> _WHAT THE TASK ASKS_
Every line below should be copied out exactly.

Collected data entries:
____________

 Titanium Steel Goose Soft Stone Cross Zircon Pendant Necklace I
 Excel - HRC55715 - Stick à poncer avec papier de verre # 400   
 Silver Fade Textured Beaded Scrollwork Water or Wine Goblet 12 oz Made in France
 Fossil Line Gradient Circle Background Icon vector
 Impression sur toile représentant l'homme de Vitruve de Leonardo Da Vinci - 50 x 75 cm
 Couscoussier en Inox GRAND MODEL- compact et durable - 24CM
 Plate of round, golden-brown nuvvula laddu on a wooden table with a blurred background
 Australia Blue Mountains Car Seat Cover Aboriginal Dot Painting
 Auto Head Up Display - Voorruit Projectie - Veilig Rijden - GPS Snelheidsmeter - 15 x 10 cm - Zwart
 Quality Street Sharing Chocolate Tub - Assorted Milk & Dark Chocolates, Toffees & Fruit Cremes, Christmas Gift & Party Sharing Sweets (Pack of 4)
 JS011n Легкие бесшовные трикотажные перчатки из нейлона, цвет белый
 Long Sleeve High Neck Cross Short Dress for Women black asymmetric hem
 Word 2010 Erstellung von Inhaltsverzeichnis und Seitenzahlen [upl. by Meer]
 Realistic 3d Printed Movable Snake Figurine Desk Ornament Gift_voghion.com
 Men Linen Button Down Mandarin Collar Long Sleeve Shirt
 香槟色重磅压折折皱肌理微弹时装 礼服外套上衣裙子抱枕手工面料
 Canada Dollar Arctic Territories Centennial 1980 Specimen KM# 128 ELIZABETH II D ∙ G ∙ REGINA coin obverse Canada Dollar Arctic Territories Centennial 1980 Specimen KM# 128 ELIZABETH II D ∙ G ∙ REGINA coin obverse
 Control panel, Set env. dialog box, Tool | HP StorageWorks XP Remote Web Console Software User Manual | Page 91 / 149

____________

> _RESULT OF THIS EXERCISE_
 Titanium Steel Goose Soft Stone Cross Zircon Pendant Necklace I
 Excel - HRC55715 - Stick à poncer avec papier de verre # 400   
 Silver Fade Textured Beaded Scrollwork Water or Wine Goblet 12 oz Made in France
 Fossil Line Gradient Circle Background Icon vector
 Impression sur toile représentant l'homme de Vitruve de Leonardo Da Vinci - 50 x 75 cm
 Couscoussier en Inox GRAND MODEL- compact et durable - 24CM
 Plate of round, golden-brown nuvvula laddu on a wooden table with a blurred background
 Australia Blue Mountains Car Seat Cover Aboriginal Dot Painting
 Auto Head Up Display - Voorruit Projectie - Veilig Rijden - GPS Snelheidsmeter - 15 x 10 cm - Zwart
 Quality Street Sharing Chocolate Tub - Assorted Milk & Dark Chocolates, Toffees & Fruit Cremes, Christmas Gift & Party Sharing Sweets (Pack of 4)
 JS011n Легкие бесшовные трикотажные перчатки из нейлона, цвет белый
 Long Sleeve High Neck Cross Short Dress for Women black asymmetric hem
 Word 2010 Erstellung von Inhaltsverzeichnis und Seitenzahlen [upl. by Meer]
 Realistic 3d Printed Movable Snake Figurine Desk Ornament Gift_voghion.com
 Men Linen Button Down Mandarin Collar Long Sleeve Shirt
 香槟色重磅压折折皱肌理微弹时装 礼服外套上衣裙子抱枕手工面料
 Canada Dollar Arctic Territories Centennial 1980 Specimen KM# 128 ELIZABETH II D ∙ G ∙ REGINA coin obverse Canada Dollar Arctic Territories Centennial 1980 Specimen KM# 128 ELIZABETH II D ∙ G ∙ REGINA coin obverse
 Control panel, Set env. dialog box, Tool | HP StorageWorks XP Remote Web Console Software User Manual | Page 91 / 149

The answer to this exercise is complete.